Coming of age e romanzo popolare in bilico tra immaginazione e realtà, Ho visto un re (ma Jannacci non c’entra nulla) di Giorgia Farina è un delizioso ritratto ad altezza bambino del clima dell’epoca che si riverbera sul presente.
Ispirato a fatti realmente accaduti a Torre del Greco a Guido Longobardi divenuto successivamente un grande giornalista, il film inizia con la cattura di Abraham (Gabriel Gougsa), un ribelle abissino mandato al confino, non da prigioniero di guerra, nel piccolo paesino di Roccasecca.

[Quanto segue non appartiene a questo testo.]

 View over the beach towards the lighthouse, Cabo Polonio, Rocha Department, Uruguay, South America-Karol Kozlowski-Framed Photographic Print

Per Emilio (Marco Fiore), il figlio di 10 anni del locale podestà (un irresistibile Edoardo Pesce) è l’occasione di trasfigurare nella realtà le pagine del suo adorato Salgari. Tigrotto della Malesia più che balilla come vorrebbe il padre autoritario e ottuso, il ragazzino inizia un’amicizia col prigioniero a cui porta il cibo di notte, nella voliera del giardino della villa trasformata in una prigione.

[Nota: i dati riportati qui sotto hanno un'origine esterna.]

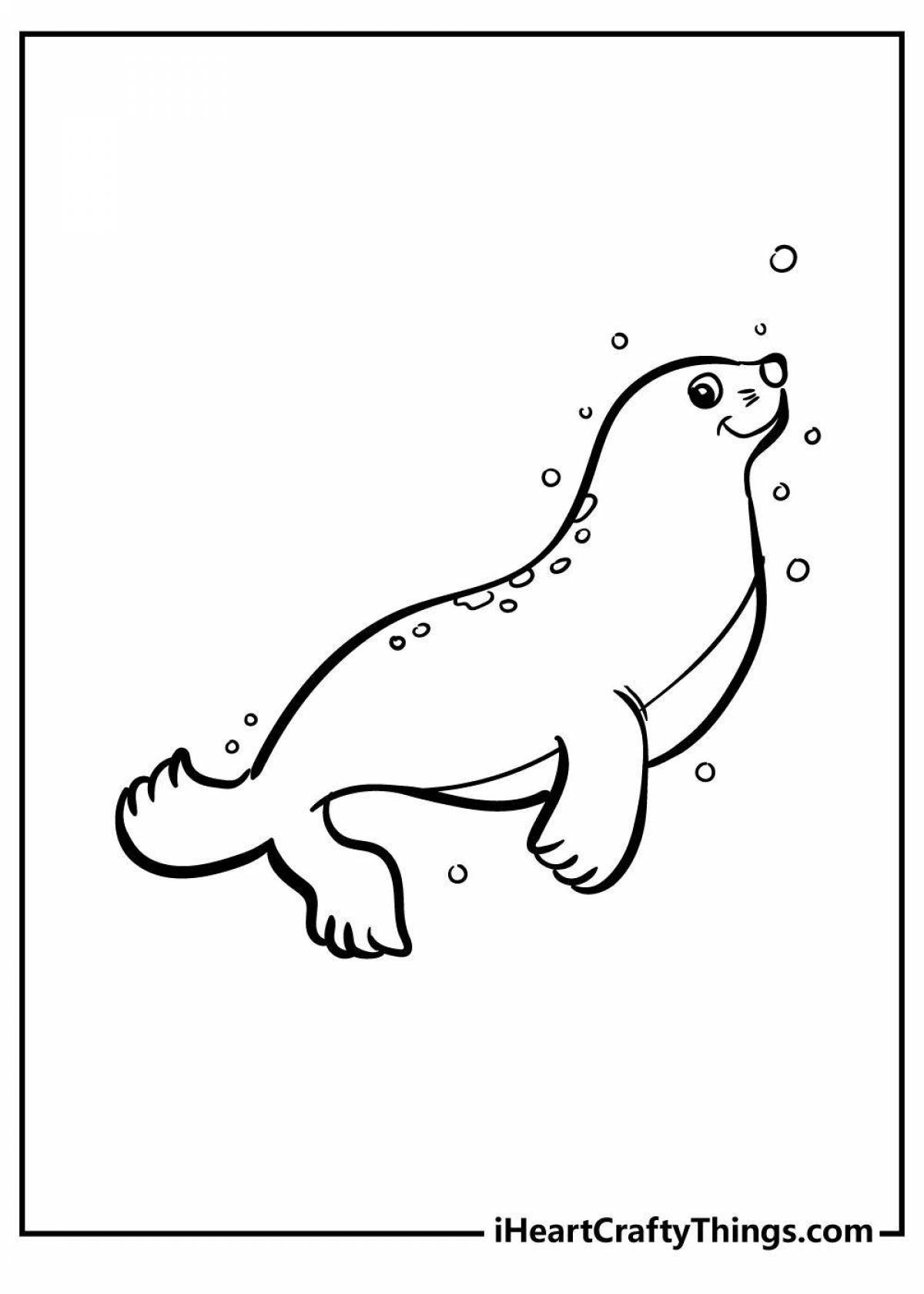 Cute seal coloring for kids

Intorno a loro ecco Regina (Sara Serraiocco), la moglie del Podestà che si rifugia nell’arte per non vedere la bruttezza del mondo che la circonda e il Federale lascivo (Gaetano Bruno) che vuole rivelazioni da Abraham; lo zio di Emilio (un magnifico Lino Musella), un illuminato progressista che fa ascoltare il jazz al nipote e lo mette in guardia sul fascismo imperante (A nessuno importa la verità, qui basta solo mascherarsi bene), un’aspirante maestra (Blu Yoshimi) che ha perso il marito in Etiopia e toccherà con mano il ruolo della donna nella società fascista e un brigadiere dei carabinieri (Giulio Forges Davanzati) che dietro la divisa nasconde umanità e tolleranza.
Con quel selvaggio esotico guardato inizialmente con sospetto e rancore da tutti ma poi capace di indicare la via della trasformazione interiore a quasi tutti. Delicato e intimo, brillante e grottesco, Ho visto un re- scritto dalla Farina con Franco Bernini e Valter Lupo- si muove tra sogni ad occhi aperti e brindisi al desiderio, rifugi segreti e prove di sparo (La mano di un fascista non trema dice il podestà al figlio a cui mette in mano la pistola), tramezzini alla D’Annunzio e liquori comunisti (la vodka nascosta nella bottiglia di grappa) rendendo vivido il tentativo incompiuto di Bisio con la sua prima regia (L’ultima volta che siamo stati bambini)
E quel bel finale sulla rotta della fantasia riscalda il cuore e fa sperare in un futuro migliore. Presentato all’ultimo Torino Film Festival.